Sakamoto Shigeru, Matsubara Junichi, Nagayoshi Yasuhiro, Nishizawa Hisateru, Takeuchi Katsunori, Nonaka Toshimichi
Department of Cardiovascular Surgery, Kanazawa Medical University, Ishikawa, Japan.
Ann Thorac Cardiovasc Surg. 2005 Dec;11(6):408-12.

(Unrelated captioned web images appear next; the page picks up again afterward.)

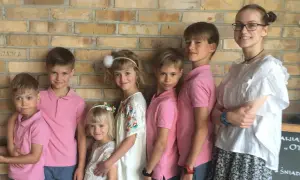 Szczęśliwa rodzina wielodzietna pozuje do zdjęcia na tle ceglanej ściany.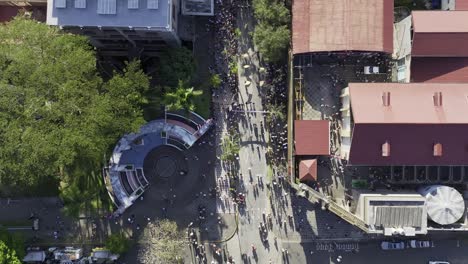 SAN-JOSE,-COSTA-RICA---JUNE-14,-2023:-flag-wavers-and-dancers-parading-on-the-streets-at-the-International-Festival-of-Arts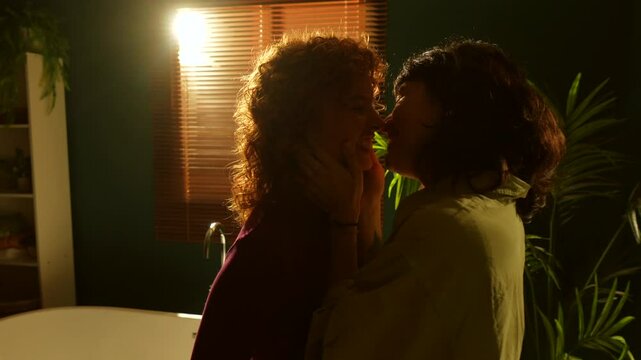 Tender moment in the evening of two multi-ethnic lesbians sharing an intimate moment in the home bathroom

We examined the effectiveness of combination therapy for biventricular pacing after cardiac surgery. We performed biventricular pacing in seven patients until April 2003. The diagnosis of the patients was ischemic cardiomyopathy (ICM) in four patients and dilated cardiomyopathy (DCM) in three patients. The implantation method of biventricular pacing was performed with a myocardial electrode through a median sternotomy. DDD-R and SSI-R were used to perform biventricular pacing. A Y-adapter was connected to a generator so that the 2 leads could be implanted in both the right ventricles (RV) and left ventricles (LV). The clinical symptoms were New York Heart Association (NYHA) classification of 3.7+/-0.3 preoperatively and 1.8+/-0.6 postoperatively, showing a significant improvement (p<0.001). The cardiac index (CI) was 1.9+/-0.2 L/min/m2 preoperatively and 3.0+/-0.6 L/min/m2 postoperatively (p<0.05). The pulmonary capillary wedge pressure (PCWP) was 19.5+/-2.6 mmHg preoperatively and 13.6+/-2.0 mmHg postoperatively, showing a significant improvement (p<0.05). The intracardiac potential and threshold values were: left atrium 1.9+/-1.0 mV, threshold value (PW: 0.45 msec) 2.1+/-0.6 V, LV 4.9+/-4.23 mV, threshold value (PW: 0.45 msec) 2.2+/-1.51 V, and RV 3.6+/-0.9 V, threshold value (PW: 0.45 msec) 2.0+/-0.7 V. The LV and RV threshold values were high. The QRS interval improved from 158.4+/-18.0 msec preoperatively to 110+/-13.4 msec postoperatively, showing a significant reduction. This combination therapy when compared to the use of the biventricular pacing method used at the current time, does have the risks of cardiac surgery, but the clinical symptoms and hemodynamic performance improvement are great.
我们研究了心脏手术后双心室起搏联合治疗的有效性。截至2003年4月,我们对7例患者实施了双心室起搏。其中4例患者诊断为缺血性心肌病(ICM),3例患者诊断为扩张型心肌病(DCM)。双心室起搏通过正中胸骨切开术使用心肌电极进行植入。采用DDD-R和SSI-R模式进行双心室起搏。将一个Y形适配器连接到发生器上,以便两根导线能够分别植入右心室(RV)和左心室(LV)。临床症状方面,术前纽约心脏协会(NYHA)分级为3.7±0.3,术后为1.8±0.6,有显著改善(p<0.001)。心脏指数(CI)术前为1.9±0.2L/min/m²,术后为3.0±0.6L/min/m²(p<0.05)。肺毛细血管楔压(PCWP)术前为19.5±2.6mmHg,术后为13.6±2.0mmHg,有显著改善(p<0.05)。心腔内电位和阈值分别为:左心房1.9±1.0mV,阈值(脉宽:0.45毫秒)2.1±0.6V;左心室4.9±4.23mV,阈值(脉宽:0.45毫秒)2.2±1.51V;右心室3.6±0.9V,阈值(脉宽:0.45毫秒)2.0±0.7V。左心室和右心室的阈值较高。QRS间期从术前的158.4±18.0毫秒改善为术后的110±13.4毫秒,有显著缩短。与目前使用的双心室起搏方法相比,这种联合治疗确实存在心脏手术的风险,但临床症状和血流动力学表现改善显著。